Climate change lawsuits in Germany
June 2024 | SPECIAL REPORT: INTERNATIONAL DISPUTE RESOLUTION
Financier Worldwide Magazine
June 2024 Issue
The decision of the European Court of Human Rights (ECHR) dated 9 April 2024 raises the question of how climate change litigation in Germany will be affected by this ruling.
ECHR decision
In its decision in Verein KlimaSeniorinnen Schweiz and Others v. Switzerland, the ECHR emphasised the importance of combatting climate change and stated that, despite the separation of powers principle, it is entitled to decide on the issue, as it is tasked with protecting minorities.
Even if, under the separation of powers, the legislator has a degree of prerogative in its assessment, its ability to exercise this prerogative is subject to ECHR control. Since climate change is an urgent problem that affects all humanity, the ECHR is justified in intensifying its control here.
The ECHR states that the mere risk of damage is sufficient to qualify as a violation of article 8 of the ECHR. The fact that climate change is a global phenomenon and must also be addressed globally is irrelevant, as each member state is responsible for protecting human rights in its own territory.
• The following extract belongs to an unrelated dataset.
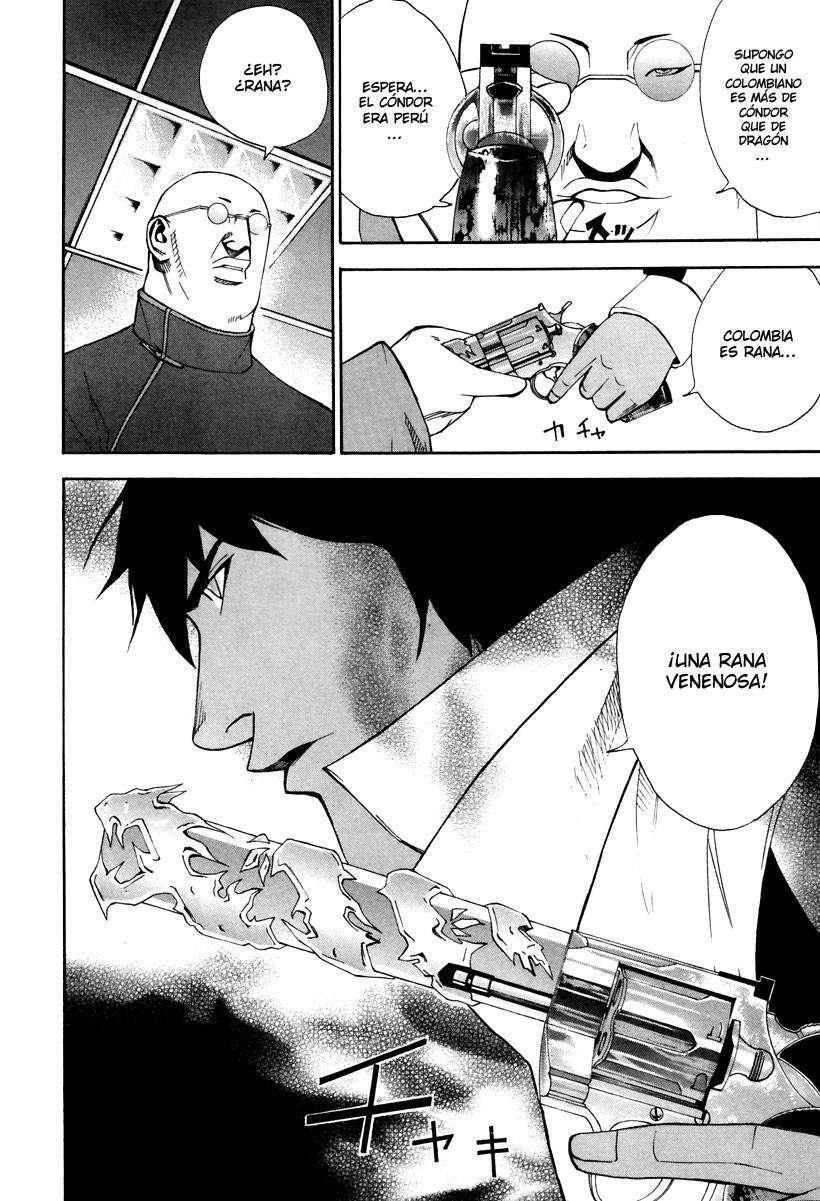 Capitulo 9 page 14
A state cannot escape this responsibility by pointing out that other states have also failed to take measures.
The ECHR sets strict requirements for a climate lawsuit. A human rights violation only arises from a state’s failure to implement measures against climate change if the affected individual is exposed to the adverse consequences of climate change with a high intensity and high probability, and urgent action is required. The individuals who brought the action in this case did not meet these requirements.
However, the association that brought the action did meet these requirements. In view of the special features of climate change, associations can assert ECHR violations if: (i) they exist in the affected country and are capable of litigation under local law; (ii) they assert collective legal protection in connection with the threats posed by climate change; and (iii) the association is professionally suitable and empowered to represent its members or other affected persons within the relevant jurisdiction, where they are exposed to climate-change related specific dangers with regard to life, limb or wellbeing within the meaning of the ECHR.
In this context, the ECHR examines factors such as the purpose of the articles of association, the extent of profit pursuit, the public benefit, the type and extent of activities carried out in the relevant country, the structure of membership and whether it is representative, and the governance and transparency of the organisation. It also considers whether, in view of the individual circumstances of the case, it is conducive to the administration of justice to accept the association.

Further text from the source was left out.